I have no idea what I’m ordering many times. If a bar doesn’t carry one of my favorites (what up Sixpoint and Sweetwater), I’ll pick based on whichever brew has the most clever name.
Or whichever beer has the coolest tap handle.
With over 5,000 craft breweries scattered across the country, each making a wide range of beers for all sorts of preferences, beer tap handles are experiencing their own sort of renaissance. Tap handles give breweries a chance to stand out and be noticed. But designing these handles is no easy task.
For one, tap handles have to communicate an insane amount of information in a very limited space—a space crowded with others trying to stand above the noise, too. A good tap handle will not only tell you what brewery a beer comes from, but it will also tell you about the type of beer it is, hint at the flavor, and tell you something about the brand of that particular brewery. It needs to be immediately recognizable, yet unique and original enough to stand out at a crowded bar.
How does one even begin to design under those constraints?

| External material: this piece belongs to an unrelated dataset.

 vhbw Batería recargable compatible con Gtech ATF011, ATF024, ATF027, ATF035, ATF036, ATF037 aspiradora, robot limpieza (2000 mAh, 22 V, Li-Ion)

To answer that question, I turned to Anthony Garzzona—Senior Designer at Taphandles, a Seattle-based firm that designs and produces tap handles, LED signs, and other creative products for microbreweries, distilleries, cideries, and wineries across the country.

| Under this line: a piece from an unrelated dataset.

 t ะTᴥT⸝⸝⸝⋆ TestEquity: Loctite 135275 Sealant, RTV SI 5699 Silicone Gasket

Designing custom beer tap handles is certainly the type of job that turns heads during a conversation. Garzzona studied industrial design in school, and after a brief stint designing shoes for a major brand, decided to interview at Taphandles.
“It was one of the most interesting interviews I’ve ever had,” says Garzzona. “It involved showing my portfolio on top of a wooden beer barrel followed by a ping-pong game with my future manager.”
Going from shoes to handles feels, on the surface at least, like a bit of a leap. But industrial design encompasses a huge range of mediums and fields, and there’s more crossover between the two than you might initially realize.
“Even though they’re seemingly separate things, there’s still plenty of crossover,” says Garzzona. “The form language that you get with a shoe and a handle is similar. Say you’re designing a sweet Nike shoe or a sexy stiletto—the sleek form you have there is going to be really similar to what you might put into a handle for a brewery that is looking for a premium aesthetic.”